庄志生见状也叹了口气,无心再去跟孩子争那差了辈分的称谓,接过杯子便展臂将庄杳拉到怀里来,由着她趴在自己肩上哭。
“姐姐怎么啦?”女孩走到庄志生的身后,歪着脑袋向上看。
庄杳猝不及防对上她的视线,只能尴尬地擦擦眼泪,笑说:“没事,姐姐给妈妈带了见面礼,能带姐姐去看看妈妈吗?”
“是这个吗?给我吧叔叔!”女孩双手向上,捧起庄志生手里的果篮。
攥着果篮的手背紧绷着,几条明显的青筋蜿蜒而上,虬结在惨白的手上。
“叔叔来就好。
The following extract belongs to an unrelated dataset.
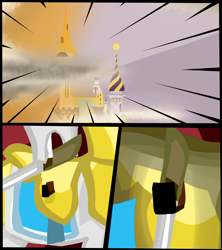 Size: 2560x2880 | Tagged: safe, artist:alltheworldbronyf, imported from derpibooru, comic:futuro adelanta'o, canterlot, canterlot castle, cloud, comic, midday, royal guard, shadow, sky, sword, weapon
”
“不用,我可以哒!”说着女孩便更加用力地捧住果篮,朝庄志生笑,“看!我可以哒!交给我吧,谢谢叔叔!”
庄志生垂着眸看她,没敢松手,仍是两指勾住篮子帮着女孩放到茶几上,这才不自觉地将视线挪到庄杳的脸上。
女孩那一声声的“我可以哒”让他想起庄杳朝他拍拍胸脯,对他说“放心吧”的样子。
他不由得想,她小时候会不会也是这样的可爱,嘴里奶声奶气地说着:“杳杳可以哒!”
只是转念便想起,毕江澄提过,杳杳有一个从小一起长大的竹马。
那个男人,现在也在这个世界。
他见过杳杳小时候的样子,甚至独享她小时候的样子。
愤恨在这一刻涌上心头,却又被理智按熄。
只是个男人罢了。
他也不该对妹妹有这么大的占有欲。
这不对。
这不是一个哥哥该有的样子。
庄杳看着身旁的庄志生脸上浮现笑意,却又很快消却,最终凝成了眉宇间的愁,一瞬间竟有些不解。
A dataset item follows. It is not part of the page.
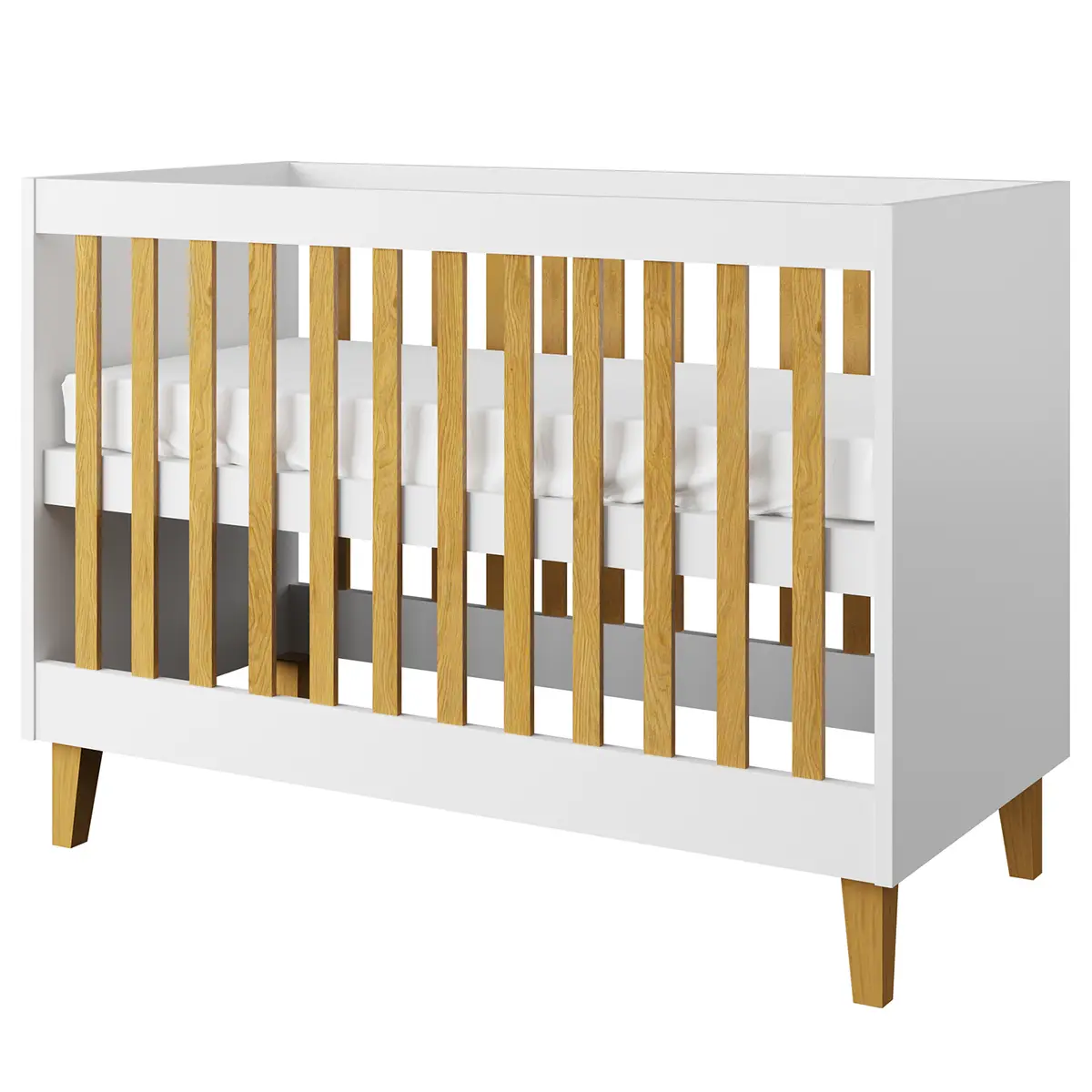 Babybett 60 x 120cm Weiß/Weiß | Weiß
她想知道哥哥在想什么,但女孩的手攥住她的指节,让她不得不低下头去看,“怎么啦?”
“等我一下,我去看看妈妈睡着了没有哦。”说着女孩便蹑手蹑脚地拧开门锁,留着半个门缝钻了进去。
庄杳看着未合拢的房门,眼泪堵在了眼角,只能仰起头让眼泪流回去。
对上庄志生怜爱的目光后,她便更加止不住了,伸手去推庄志生的脸,“别看我啦”
庄志生无声地一哂,想伸手去拉她到怀里抱抱她。
他刚一伸手,看见女孩从房间里出来,只好又悻悻然在空中一攥,将手垂在腿侧。
“妈妈没睡,叔叔姐姐进来吧。”女孩推开了门,稚嫩的小手扣住了门边,朝两人招招手。
庄杳俯身摸了摸她的脑袋,牵着她的手进房间。
刚一进门,映入眼帘的装潢并不如客厅那样的陈旧与简陋。
房间虽说算不上精致,但足够整洁,窗明几净。
床侧的窗帘大开,虽然因为楼与楼之间的间隔过窄,照进来的阳光极少,但依旧能瞥见一抹亮眼的晴空。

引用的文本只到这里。